(WORK REQUIRED): For the entries below, repeat exactly each line starting with the one that contains "Magic Of Christmas" and going on through the one that contains "Schwarz-Weiß-Fancy-Monogramm Rosa Golfhandtuch", and no others.

### RECORDS

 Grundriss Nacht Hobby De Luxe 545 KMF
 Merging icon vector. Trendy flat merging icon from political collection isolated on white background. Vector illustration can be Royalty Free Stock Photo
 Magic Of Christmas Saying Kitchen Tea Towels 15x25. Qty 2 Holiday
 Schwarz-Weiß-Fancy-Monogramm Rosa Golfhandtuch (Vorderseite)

######
### RECORDS

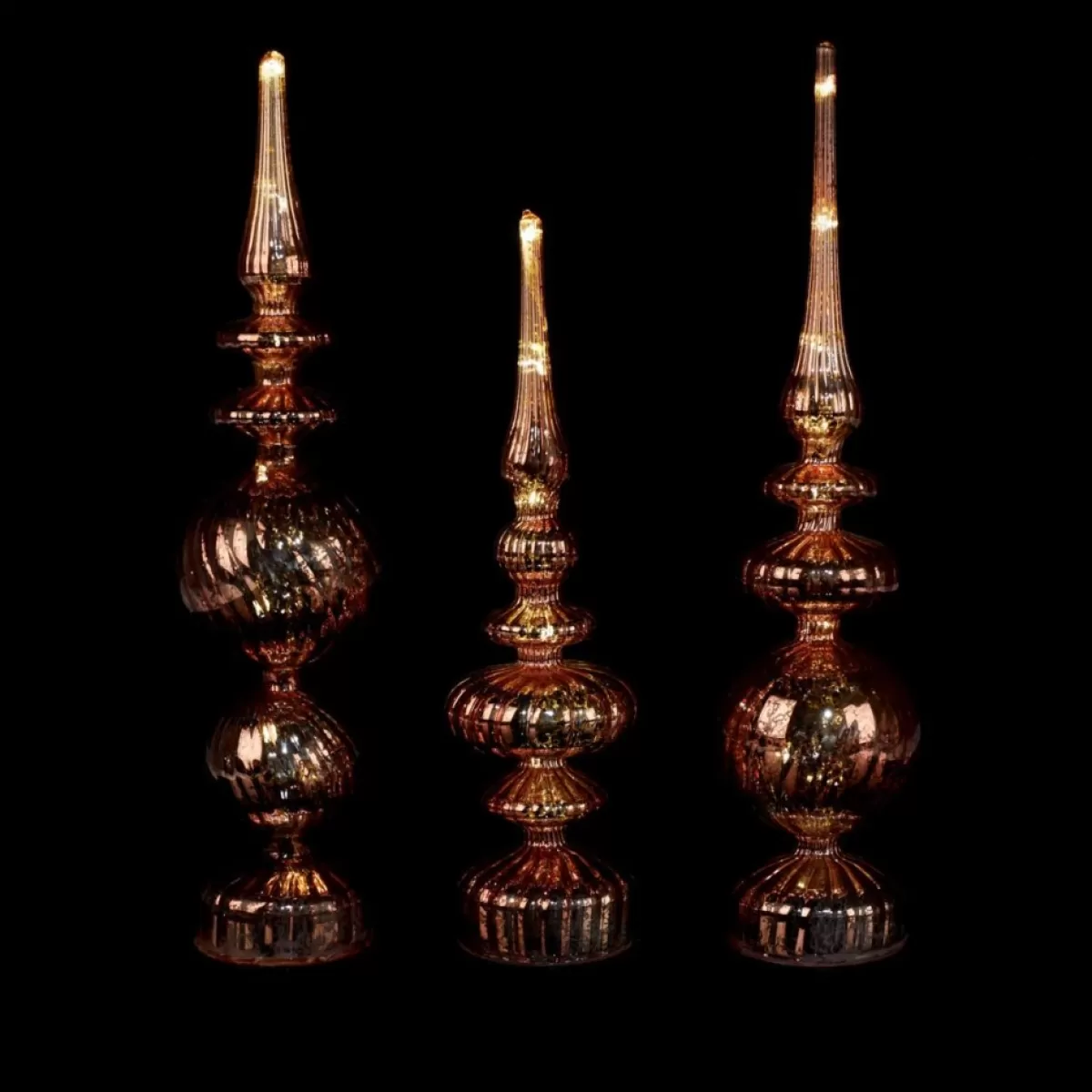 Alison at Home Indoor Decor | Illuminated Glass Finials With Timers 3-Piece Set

######

(RESPONSE AREA):
 Magic Of Christmas Saying Kitchen Tea Towels 15x25. Qty 2 Holiday
 Schwarz-Weiß-Fancy-Monogramm Rosa Golfhandtuch (Vorderseite)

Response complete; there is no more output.